The sandbox snapshots docs define a snapshot as a reusable filesystem bundle backed by a Docker image. You can build one from any image, or capture one from a running sandbox after installing packages and preparing data, then reuse that captured state as a new starting point.
LangChain paired that with a cost claim: teams can spin up 10 parallel branches for roughly the cost of one. computesdk's storagesdk launch, built with Tigris, made the same developer pitch in object storage form: branch a bucket per agent run, mutate safely, replay from the same baseline.
This is where the category stops looking like backup tooling and starts looking like agent runtime design. The unit being copied is not just data durability, it is a prepared workspace.
Durability gaps
Day 69: Our COMMS agent crashed mid-execution 3 times in 24 hours.
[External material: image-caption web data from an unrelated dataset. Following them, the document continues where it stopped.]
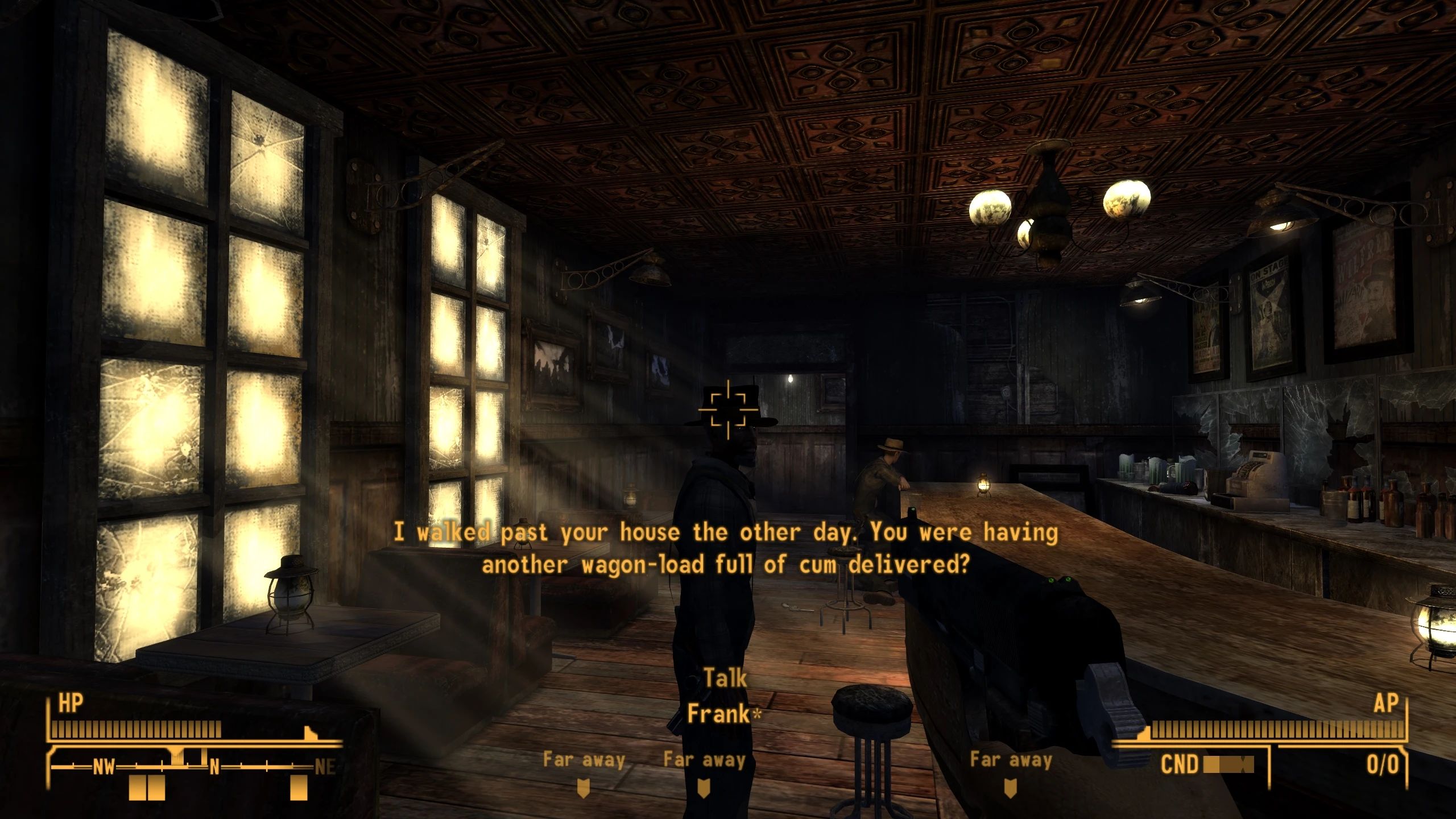 Shoot Hats from NPCs (ESPless) mod for Fallout: New Vegas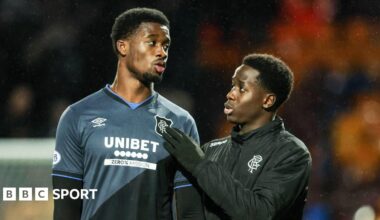 Rangers duo Emmanuel Fernandez and Djeidi Gassama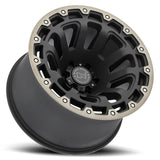 Razorback Matte Black Machine Dark Tint Lip 12"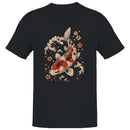 Japanese Koi Fish Cherry Blossoms Men's T-shirt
The pattern it revealed.
1 comments
The timing of these launches lines up with a specific complaint from people running longer agent loops: failures often happen after the useful work is done, while the runtime is trying to checkpoint or clean up.
the Reddit post in r/AI_Agents described an on-demand agent that completed its operational work, then died during final reporting, memory updates, and todo writes. The author argued that many systems have crash-resume checkpoints for external actions, but not for the agent lifecycle itself, especially shutdown.
badlogicgames pushed on the same weak spot from the workflow side, asking how a system can guarantee durability for arbitrary workflows when it promises resume semantics. In a follow-up, badlogicgames' later post called the implementation smart but still noted minor footguns.
That gives the June 2 wave a cleaner read: branches and snapshots are only half the story. Vendors are also trying to make agent state resumable enough that a failed closeout step does not force a full rerun.
Session control
The last interesting wrinkle is that agent products are starting to expose these primitives above the filesystem.
ClaudeDevs changed /fork so it runs a background agent with the exact system prompt, tools, history, model, and prompt cache from the current session, then returns the result back into that session. The old behavior survives as /branch, which now means transcript copy into a new session you drive manually.
On the OpenAI side, WesRoth's post and daniel_mac8's post both surfaced Codex features for creating and managing sessions across complex workflows. Codex v0.136.0's release notes back up part of that shift with concrete lifecycle controls:
- archive and unarchive sessions
- resume app-server threads with their initial turns page
- register remote execution with API keys
- swap remote-control auth to short-lived server tokens
Put together, the storage vendors are making state cheap to fork, while coding agents are getting better at treating sessions themselves as branchable runtime objects.